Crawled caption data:
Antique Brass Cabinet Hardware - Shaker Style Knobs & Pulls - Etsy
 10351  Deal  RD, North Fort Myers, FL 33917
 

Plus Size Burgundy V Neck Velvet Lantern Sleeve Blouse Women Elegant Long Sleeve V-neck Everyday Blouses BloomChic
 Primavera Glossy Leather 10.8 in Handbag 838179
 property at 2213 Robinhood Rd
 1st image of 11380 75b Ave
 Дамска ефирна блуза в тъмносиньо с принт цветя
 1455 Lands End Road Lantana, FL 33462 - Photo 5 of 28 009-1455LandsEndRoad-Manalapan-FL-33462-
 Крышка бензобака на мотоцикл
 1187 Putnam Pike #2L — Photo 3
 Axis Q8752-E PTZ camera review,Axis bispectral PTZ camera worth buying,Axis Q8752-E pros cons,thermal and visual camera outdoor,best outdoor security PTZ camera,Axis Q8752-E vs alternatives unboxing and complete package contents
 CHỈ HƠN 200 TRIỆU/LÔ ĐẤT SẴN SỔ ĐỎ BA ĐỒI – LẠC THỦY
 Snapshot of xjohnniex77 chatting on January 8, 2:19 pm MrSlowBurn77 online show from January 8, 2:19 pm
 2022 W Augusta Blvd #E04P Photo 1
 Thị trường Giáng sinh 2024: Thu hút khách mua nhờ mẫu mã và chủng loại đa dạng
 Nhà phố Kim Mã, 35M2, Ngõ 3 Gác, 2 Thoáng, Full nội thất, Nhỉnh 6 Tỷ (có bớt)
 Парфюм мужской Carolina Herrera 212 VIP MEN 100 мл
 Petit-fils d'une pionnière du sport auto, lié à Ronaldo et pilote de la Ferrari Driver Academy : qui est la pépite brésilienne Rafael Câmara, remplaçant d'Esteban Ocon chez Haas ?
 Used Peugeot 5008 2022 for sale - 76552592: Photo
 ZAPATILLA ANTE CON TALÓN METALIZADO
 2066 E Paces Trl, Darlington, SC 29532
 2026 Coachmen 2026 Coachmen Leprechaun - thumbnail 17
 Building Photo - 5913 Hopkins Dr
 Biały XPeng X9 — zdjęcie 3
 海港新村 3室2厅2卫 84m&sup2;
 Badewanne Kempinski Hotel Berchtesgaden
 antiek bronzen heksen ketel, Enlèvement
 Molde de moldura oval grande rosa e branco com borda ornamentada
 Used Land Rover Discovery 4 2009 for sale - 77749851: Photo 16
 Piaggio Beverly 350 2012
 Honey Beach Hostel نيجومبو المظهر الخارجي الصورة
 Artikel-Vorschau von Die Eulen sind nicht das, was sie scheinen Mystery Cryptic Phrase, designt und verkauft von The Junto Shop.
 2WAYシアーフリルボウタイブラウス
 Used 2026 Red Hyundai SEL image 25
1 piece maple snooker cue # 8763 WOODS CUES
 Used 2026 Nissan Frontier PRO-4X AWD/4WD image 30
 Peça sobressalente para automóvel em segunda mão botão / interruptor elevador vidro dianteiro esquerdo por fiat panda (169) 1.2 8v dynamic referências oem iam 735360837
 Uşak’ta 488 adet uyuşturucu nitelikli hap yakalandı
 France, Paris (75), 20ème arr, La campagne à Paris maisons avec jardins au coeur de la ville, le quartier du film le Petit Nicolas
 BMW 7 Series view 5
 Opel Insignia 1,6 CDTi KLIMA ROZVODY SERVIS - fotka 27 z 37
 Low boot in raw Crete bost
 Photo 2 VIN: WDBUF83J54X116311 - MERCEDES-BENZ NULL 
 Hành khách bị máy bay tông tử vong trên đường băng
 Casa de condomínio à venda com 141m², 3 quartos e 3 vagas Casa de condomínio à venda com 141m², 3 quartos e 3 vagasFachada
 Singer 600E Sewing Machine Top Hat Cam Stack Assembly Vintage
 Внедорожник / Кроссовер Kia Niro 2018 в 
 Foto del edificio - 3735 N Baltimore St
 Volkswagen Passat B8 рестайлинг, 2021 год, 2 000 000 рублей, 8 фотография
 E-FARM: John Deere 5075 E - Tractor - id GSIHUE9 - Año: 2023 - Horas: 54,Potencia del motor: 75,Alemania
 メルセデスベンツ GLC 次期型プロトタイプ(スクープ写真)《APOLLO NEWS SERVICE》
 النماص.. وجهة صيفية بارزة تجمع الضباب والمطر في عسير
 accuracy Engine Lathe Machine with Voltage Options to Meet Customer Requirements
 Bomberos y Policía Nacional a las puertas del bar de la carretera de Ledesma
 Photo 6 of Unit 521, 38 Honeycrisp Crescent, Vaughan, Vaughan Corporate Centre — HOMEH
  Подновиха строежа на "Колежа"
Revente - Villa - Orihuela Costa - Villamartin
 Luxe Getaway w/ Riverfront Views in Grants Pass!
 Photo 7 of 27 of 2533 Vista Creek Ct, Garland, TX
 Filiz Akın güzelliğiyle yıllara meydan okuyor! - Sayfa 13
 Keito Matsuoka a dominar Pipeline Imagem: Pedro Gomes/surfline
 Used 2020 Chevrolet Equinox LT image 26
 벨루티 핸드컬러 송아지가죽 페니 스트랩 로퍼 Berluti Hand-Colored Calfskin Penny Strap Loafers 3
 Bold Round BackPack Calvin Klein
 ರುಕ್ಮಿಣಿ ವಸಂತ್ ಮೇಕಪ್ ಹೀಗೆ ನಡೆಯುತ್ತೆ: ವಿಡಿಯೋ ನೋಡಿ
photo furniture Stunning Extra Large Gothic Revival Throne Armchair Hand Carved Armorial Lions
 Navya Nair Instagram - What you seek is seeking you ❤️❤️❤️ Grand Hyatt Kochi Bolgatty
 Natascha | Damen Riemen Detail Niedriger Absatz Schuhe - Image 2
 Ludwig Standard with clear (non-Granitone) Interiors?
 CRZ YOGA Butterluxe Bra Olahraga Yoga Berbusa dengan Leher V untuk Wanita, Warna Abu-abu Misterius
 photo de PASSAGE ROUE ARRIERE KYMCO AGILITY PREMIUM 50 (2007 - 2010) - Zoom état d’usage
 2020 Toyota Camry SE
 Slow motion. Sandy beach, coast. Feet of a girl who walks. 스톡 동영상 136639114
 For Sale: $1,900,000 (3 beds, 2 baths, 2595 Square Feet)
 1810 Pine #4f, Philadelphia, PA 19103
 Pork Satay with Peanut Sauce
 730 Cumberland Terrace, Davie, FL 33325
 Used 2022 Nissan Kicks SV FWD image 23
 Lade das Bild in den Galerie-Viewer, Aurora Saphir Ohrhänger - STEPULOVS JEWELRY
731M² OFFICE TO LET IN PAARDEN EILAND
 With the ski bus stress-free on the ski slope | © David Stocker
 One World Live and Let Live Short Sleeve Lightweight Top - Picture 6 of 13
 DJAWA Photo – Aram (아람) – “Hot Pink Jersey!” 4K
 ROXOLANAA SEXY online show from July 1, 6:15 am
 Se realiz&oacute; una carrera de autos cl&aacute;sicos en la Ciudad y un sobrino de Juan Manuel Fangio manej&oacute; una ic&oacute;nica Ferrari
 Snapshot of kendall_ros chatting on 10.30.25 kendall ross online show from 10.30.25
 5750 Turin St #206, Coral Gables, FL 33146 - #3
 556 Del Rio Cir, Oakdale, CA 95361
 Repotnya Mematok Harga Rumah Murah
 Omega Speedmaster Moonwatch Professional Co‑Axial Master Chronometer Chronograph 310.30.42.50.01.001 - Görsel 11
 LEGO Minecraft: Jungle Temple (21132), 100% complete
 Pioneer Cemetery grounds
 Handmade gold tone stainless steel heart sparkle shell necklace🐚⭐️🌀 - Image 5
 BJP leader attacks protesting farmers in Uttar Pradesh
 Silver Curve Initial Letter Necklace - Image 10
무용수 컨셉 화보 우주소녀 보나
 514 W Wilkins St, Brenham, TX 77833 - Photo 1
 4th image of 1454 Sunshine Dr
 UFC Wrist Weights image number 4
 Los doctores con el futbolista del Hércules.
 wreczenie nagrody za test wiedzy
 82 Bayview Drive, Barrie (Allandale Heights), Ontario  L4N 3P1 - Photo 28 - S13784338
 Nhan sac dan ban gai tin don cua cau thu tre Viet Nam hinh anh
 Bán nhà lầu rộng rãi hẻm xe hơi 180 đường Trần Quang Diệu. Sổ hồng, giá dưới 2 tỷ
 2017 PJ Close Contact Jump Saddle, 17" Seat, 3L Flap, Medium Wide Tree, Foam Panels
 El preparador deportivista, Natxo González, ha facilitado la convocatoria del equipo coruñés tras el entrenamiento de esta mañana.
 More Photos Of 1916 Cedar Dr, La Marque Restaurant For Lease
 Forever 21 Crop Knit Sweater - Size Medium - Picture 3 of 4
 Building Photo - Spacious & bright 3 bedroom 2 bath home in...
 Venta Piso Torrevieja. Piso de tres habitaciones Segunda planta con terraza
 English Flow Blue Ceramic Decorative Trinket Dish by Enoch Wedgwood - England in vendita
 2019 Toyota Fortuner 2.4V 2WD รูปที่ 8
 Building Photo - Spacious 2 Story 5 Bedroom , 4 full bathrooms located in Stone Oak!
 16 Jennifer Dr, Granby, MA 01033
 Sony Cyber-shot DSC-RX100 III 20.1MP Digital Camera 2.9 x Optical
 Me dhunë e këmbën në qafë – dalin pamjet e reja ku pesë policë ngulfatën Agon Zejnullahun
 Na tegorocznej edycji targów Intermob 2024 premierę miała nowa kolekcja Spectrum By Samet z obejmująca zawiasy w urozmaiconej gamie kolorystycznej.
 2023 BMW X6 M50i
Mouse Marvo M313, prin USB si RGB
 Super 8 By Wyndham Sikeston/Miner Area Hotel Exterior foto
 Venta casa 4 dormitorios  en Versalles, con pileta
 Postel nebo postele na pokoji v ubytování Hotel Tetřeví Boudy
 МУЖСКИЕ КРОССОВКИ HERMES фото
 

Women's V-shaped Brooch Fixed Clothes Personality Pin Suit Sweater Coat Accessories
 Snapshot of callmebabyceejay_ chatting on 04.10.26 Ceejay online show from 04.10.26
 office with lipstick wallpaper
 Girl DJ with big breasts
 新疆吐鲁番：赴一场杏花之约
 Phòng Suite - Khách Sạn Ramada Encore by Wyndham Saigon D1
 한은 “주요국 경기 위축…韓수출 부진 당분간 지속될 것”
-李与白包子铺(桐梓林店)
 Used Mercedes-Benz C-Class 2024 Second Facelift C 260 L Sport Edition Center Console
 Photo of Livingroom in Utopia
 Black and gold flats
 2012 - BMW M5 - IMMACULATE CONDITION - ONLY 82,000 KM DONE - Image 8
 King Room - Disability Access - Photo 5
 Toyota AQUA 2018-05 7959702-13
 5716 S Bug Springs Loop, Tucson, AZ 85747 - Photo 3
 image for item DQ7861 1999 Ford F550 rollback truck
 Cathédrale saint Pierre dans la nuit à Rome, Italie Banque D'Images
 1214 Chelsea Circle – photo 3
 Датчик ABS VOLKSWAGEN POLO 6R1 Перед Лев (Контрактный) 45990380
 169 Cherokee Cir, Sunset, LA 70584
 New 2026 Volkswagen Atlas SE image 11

Exercise:
The required output is the stretch of entries above from the line containing "1187 Putnam Pike #2L — Photo 3" through the line containing "BMW 7 Series view 5", reproduced exactly.

Written solution:
 1187 Putnam Pike #2L — Photo 3
 Axis Q8752-E PTZ camera review,Axis bispectral PTZ camera worth buying,Axis Q8752-E pros cons,thermal and visual camera outdoor,best outdoor security PTZ camera,Axis Q8752-E vs alternatives unboxing and complete package contents
 CHỈ HƠN 200 TRIỆU/LÔ ĐẤT SẴN SỔ ĐỎ BA ĐỒI – LẠC THỦY
 Snapshot of xjohnniex77 chatting on January 8, 2:19 pm MrSlowBurn77 online show from January 8, 2:19 pm
 2022 W Augusta Blvd #E04P Photo 1
 Thị trường Giáng sinh 2024: Thu hút khách mua nhờ mẫu mã và chủng loại đa dạng
 Nhà phố Kim Mã, 35M2, Ngõ 3 Gác, 2 Thoáng, Full nội thất, Nhỉnh 6 Tỷ (có bớt)
 Парфюм мужской Carolina Herrera 212 VIP MEN 100 мл
 Petit-fils d'une pionnière du sport auto, lié à Ronaldo et pilote de la Ferrari Driver Academy : qui est la pépite brésilienne Rafael Câmara, remplaçant d'Esteban Ocon chez Haas ?
 Used Peugeot 5008 2022 for sale - 76552592: Photo
 ZAPATILLA ANTE CON TALÓN METALIZADO
 2066 E Paces Trl, Darlington, SC 29532
 2026 Coachmen 2026 Coachmen Leprechaun - thumbnail 17
 Building Photo - 5913 Hopkins Dr
 Biały XPeng X9 — zdjęcie 3
 海港新村 3室2厅2卫 84m&sup2;
 Badewanne Kempinski Hotel Berchtesgaden
 antiek bronzen heksen ketel, Enlèvement
 Molde de moldura oval grande rosa e branco com borda ornamentada
 Used Land Rover Discovery 4 2009 for sale - 77749851: Photo 16
 Piaggio Beverly 350 2012
 Honey Beach Hostel نيجومبو المظهر الخارجي الصورة
 Artikel-Vorschau von Die Eulen sind nicht das, was sie scheinen Mystery Cryptic Phrase, designt und verkauft von The Junto Shop.
 2WAYシアーフリルボウタイブラウス
 Used 2026 Red Hyundai SEL image 25
1 piece maple snooker cue # 8763 WOODS CUES
 Used 2026 Nissan Frontier PRO-4X AWD/4WD image 30
 Peça sobressalente para automóvel em segunda mão botão / interruptor elevador vidro dianteiro esquerdo por fiat panda (169) 1.2 8v dynamic referências oem iam 735360837
 Uşak’ta 488 adet uyuşturucu nitelikli hap yakalandı
 France, Paris (75), 20ème arr, La campagne à Paris maisons avec jardins au coeur de la ville, le quartier du film le Petit Nicolas
 BMW 7 Series view 5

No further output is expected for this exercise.